Юра колебался, смущался, не верил в свое учительство, но Семеныч велел ему переговорить с директрисой. Юра согласился. С той только целью, чтобы час-другой провести на воле. А потом позволил себя уговорить высохшей умотанной тетке Валентине Игнатьевне Буровой, которая директорствовала, вела младшие классы и не боялась нисколько Юриного тюремного духа, благоприобретенной на зоне излишне настороженной повадки, жесткого, цепкого взгляда.
– Но у меня нет педагогического опыта, – честно предупреждал Юра. – И детей я боюсь. Вернее сказать, не боюсь, а не знаю, что с ними делать и как. Правда… правда, мама у меня была учительницей языков, тоже в поселке. Но я, как она, не смогу, Валентина Игнатьевна, честное слово.
– Давайте попробуем, Юрий Алексеевич, – приглаживала полуседые неухоженные волосы директриса. – Конец года.
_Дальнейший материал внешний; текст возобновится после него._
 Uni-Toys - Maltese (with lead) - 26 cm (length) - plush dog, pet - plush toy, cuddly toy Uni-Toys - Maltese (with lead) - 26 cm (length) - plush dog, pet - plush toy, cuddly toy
Мы с Катериной Федоровной – она уж старенькая совсем, она, что может, у старших ведет – не справляемся ну никак. Весь педагогический состав разбежался по городам и весям. Вы ведь ничего не теряете, если попытаетесь. И мы ничего не теряем, если у вас не выйдет. Не выйдет и не выйдет, останемся при своих, как говорят картежники, – позволила себе улыбку Валентина Игнатьевна. – Вы гуманитарий, как я понимаю? У вас будет английский, если хотя бы самую малость владеете, русский, литература и отечественная история. С географией, думаю, тоже придется вам справляться – уж как-нибудь. Возьмете себе старшеньких, нам, женщинам, с взрослыми детьми справляться сложнее. Такие они сейчас, знаете, акселераты. Всех, заранее скажу, тянуть бесполезно, не те дети и не те у них родители, и дорога им, как ни грустно это сознавать, выпадает не самая увлекательная. А пятерых-шестерых уж подготовьте мне, пожалуйста, пристойно. И так, чтобы они сами уверены были в своих знаниях. Они хотят после школы податься в Москву на учебу. Знакомо вам такое стремление, Юрий Алексеевич?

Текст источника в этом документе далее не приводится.